» **Problem details**
Omit the pictures, please, and give each record below again exactly.

» **Records for processing**
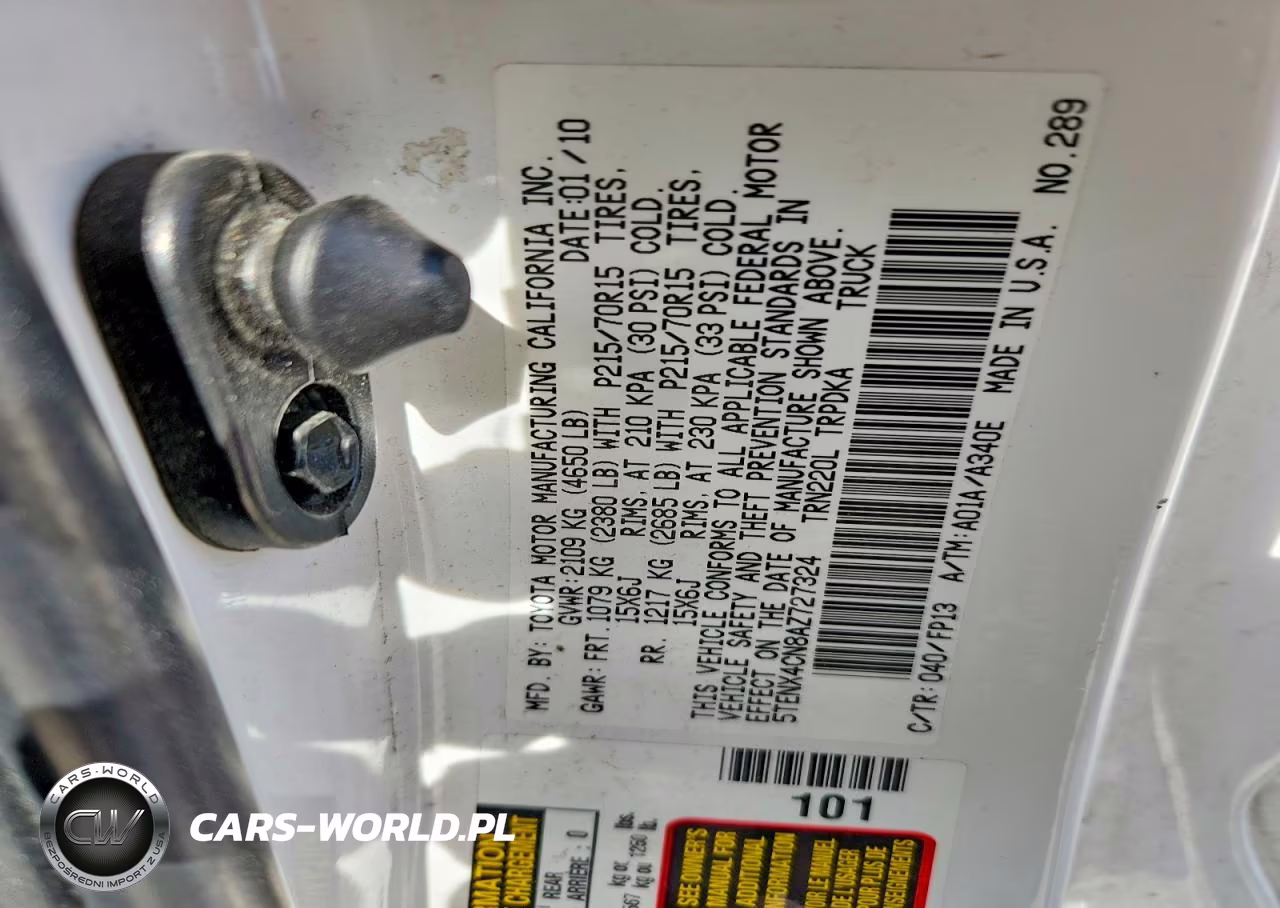 2010 Toyota Tacoma Base VIN:5TENX4CN8AZ727324 - 12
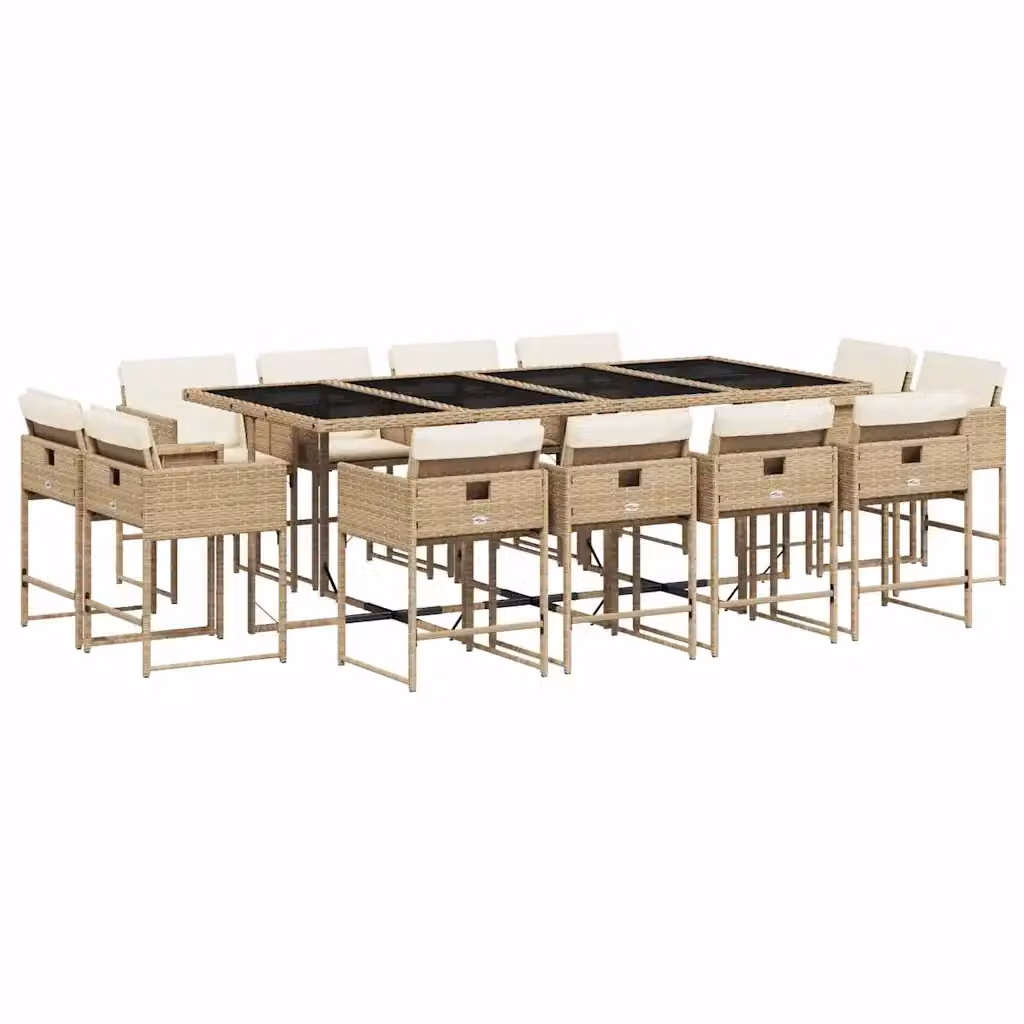 Set da Pranzo da Giardino vidaXL in Polyrattan con Cuscini Beige e Piano in Vetro, 13 pz – 2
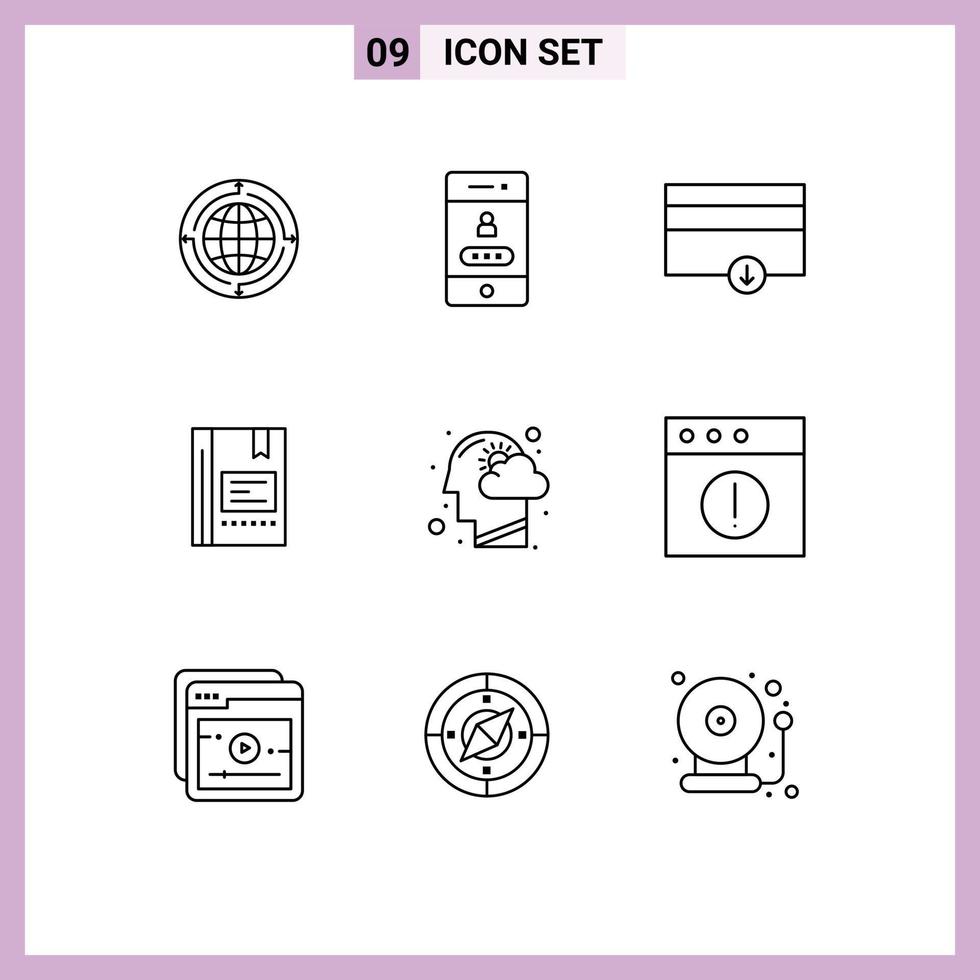 9 Universal Outlines Set for Web and Mobile Applications note education password book payment Editable Vector Design Elements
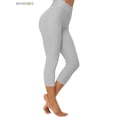 thumbnail image 3 of BadPiggies Womens High Waist Yoga Pants Ruched Textured Capri Tummy Control Workout Leggings (XL, Gray), 3 of 7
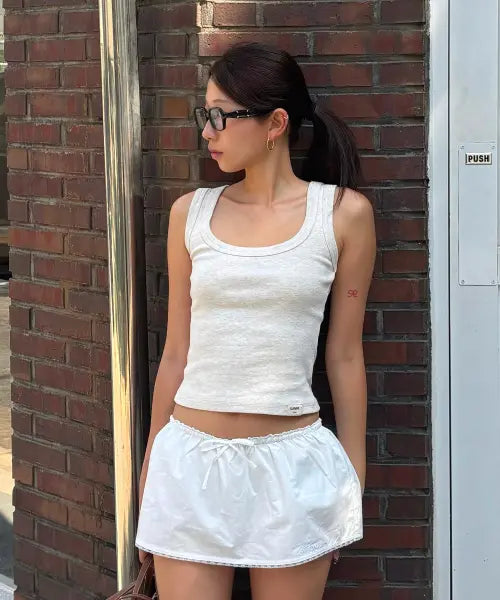 [GLOWNY] G CLASSIC SCOOP NECK SLEEVELESS (OATMEAL)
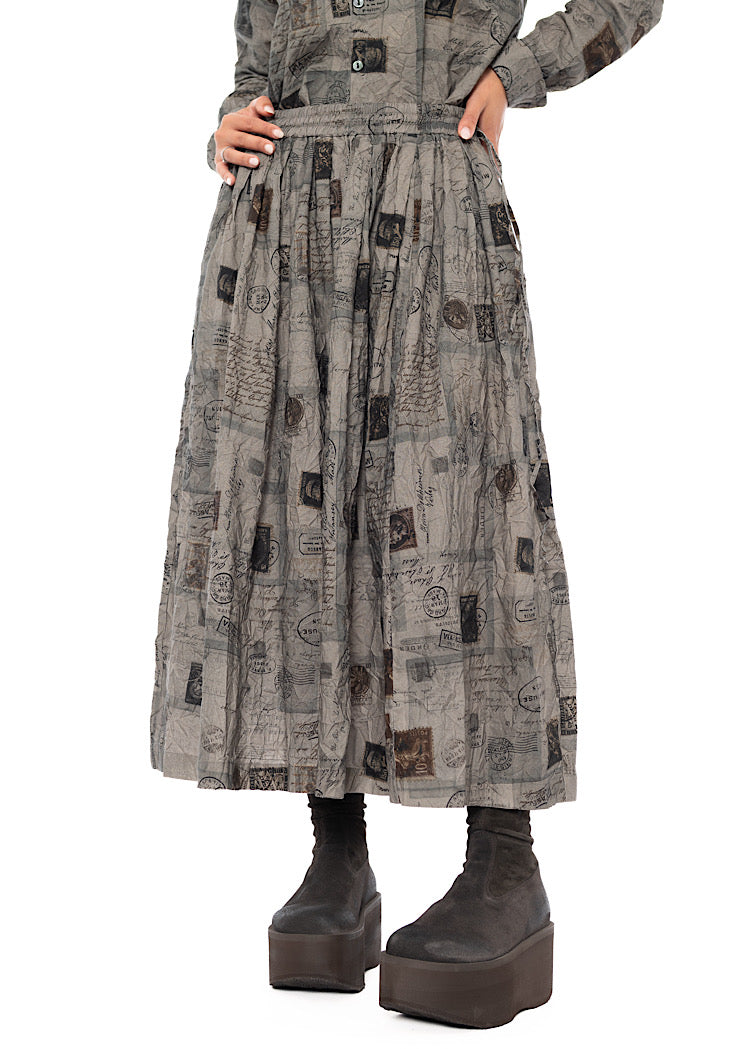 CRINKLE-COTTON TRAVEL PRINT SKIRT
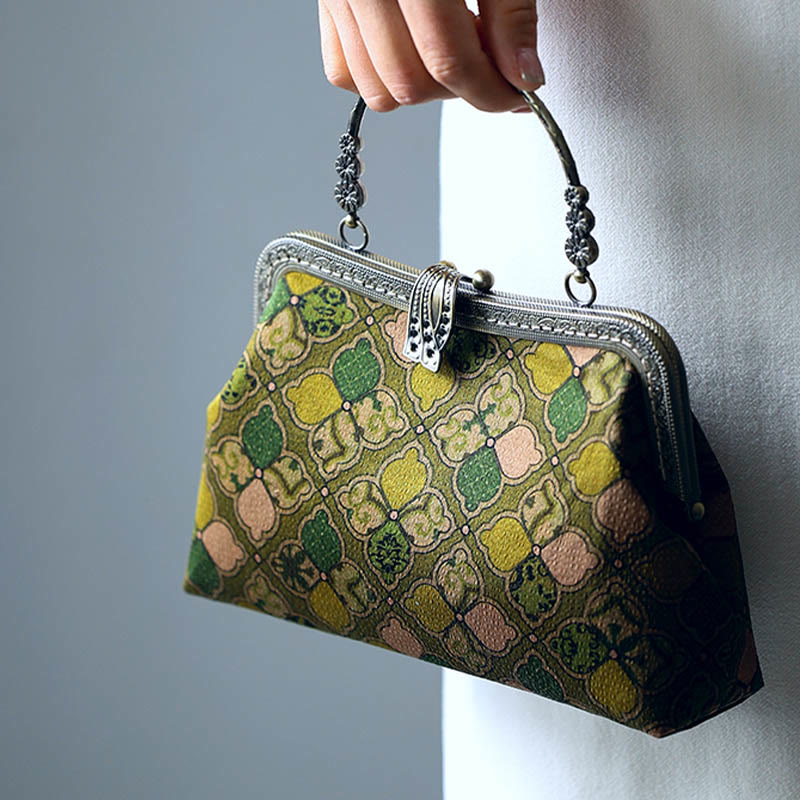 Green Leaves Crossbody Bag with Metal Chain | Spiritual Accessories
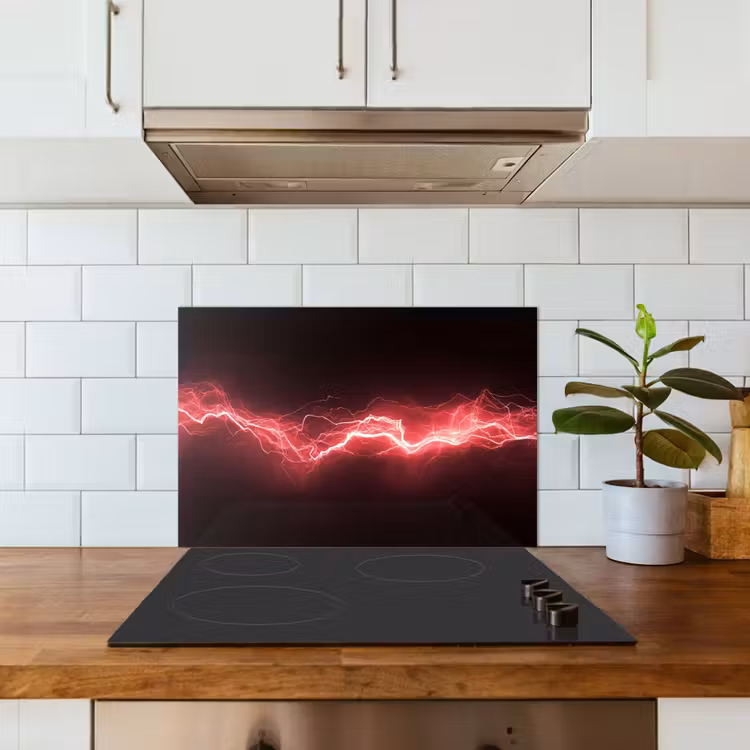 Spatscherm keuken - Gaming - Rood - Elektriciteit - Energie  - Lijn — 3
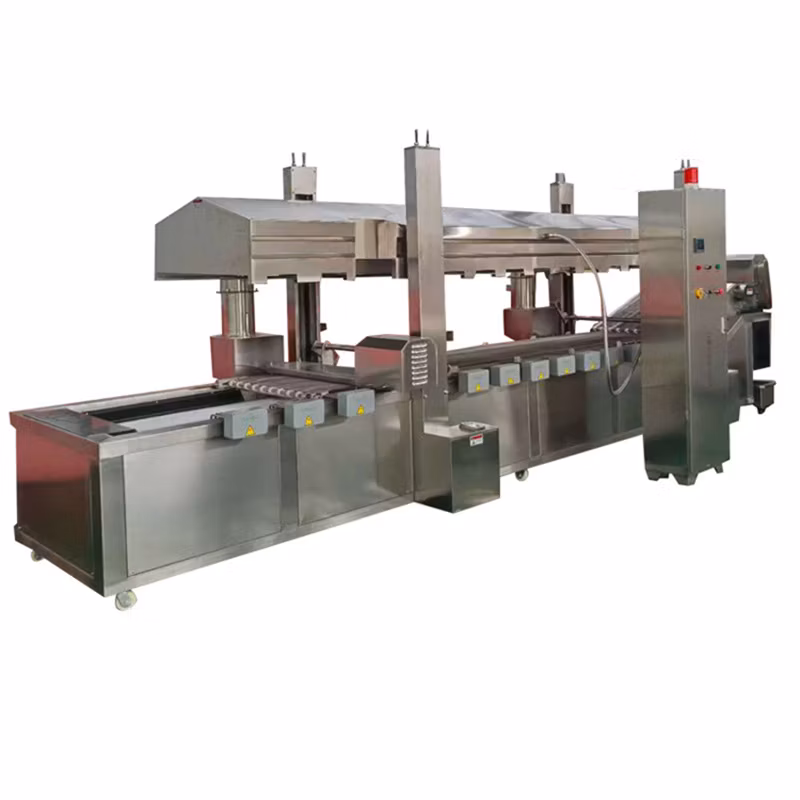 Industrial Gas Heating Chicken French Fries Deep Continuous Frying Machine Potato Banana Chips Electric Type Fryer Machine Price on Sale Food Snack Machinery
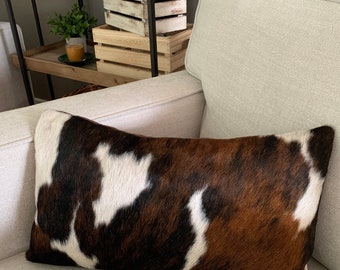cowhide throw pillows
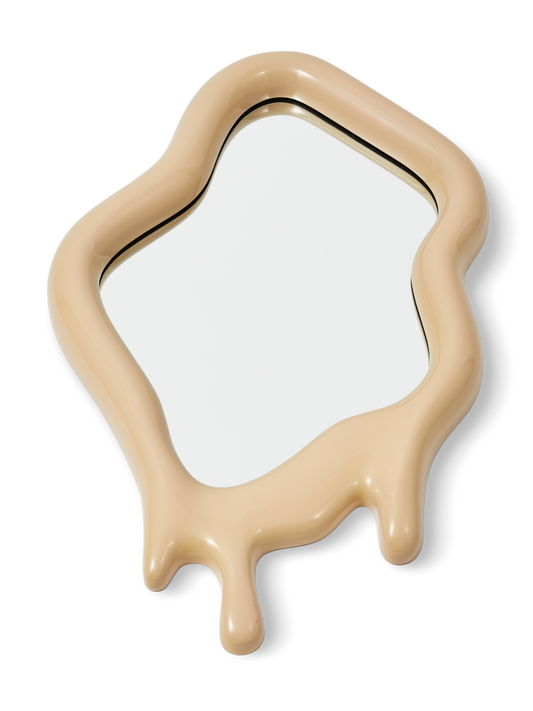 Miroir ovale en polyester laqué, Melting M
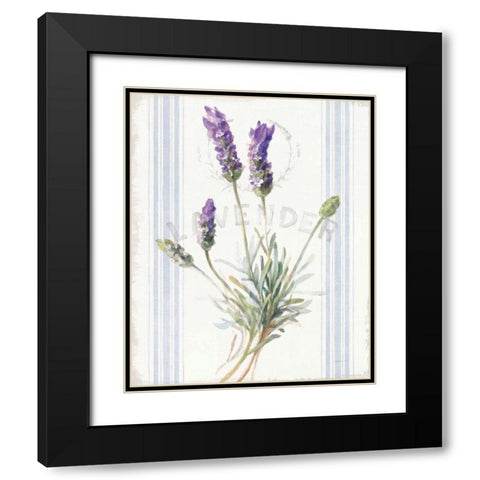 Floursack Lavender III Black Modern Wood Framed Art Print with Double Matting by Nai, Danhui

» **Output of the task**
 2010 Toyota Tacoma Base VIN:5TENX4CN8AZ727324 - 12
 Set da Pranzo da Giardino vidaXL in Polyrattan con Cuscini Beige e Piano in Vetro, 13 pz – 2
 9 Universal Outlines Set for Web and Mobile Applications note education password book payment Editable Vector Design Elements
 thumbnail image 3 of BadPiggies Womens High Waist Yoga Pants Ruched Textured Capri Tummy Control Workout Leggings (XL, Gray), 3 of 7
 [GLOWNY] G CLASSIC SCOOP NECK SLEEVELESS (OATMEAL)
 CRINKLE-COTTON TRAVEL PRINT SKIRT
 Green Leaves Crossbody Bag with Metal Chain | Spiritual Accessories
 Spatscherm keuken - Gaming - Rood - Elektriciteit - Energie  - Lijn — 3
 Industrial Gas Heating Chicken French Fries Deep Continuous Frying Machine Potato Banana Chips Electric Type Fryer Machine Price on Sale Food Snack Machinery
cowhide throw pillows
 Miroir ovale en polyester laqué, Melting M
 Floursack Lavender III Black Modern Wood Framed Art Print with Double Matting by Nai, Danhui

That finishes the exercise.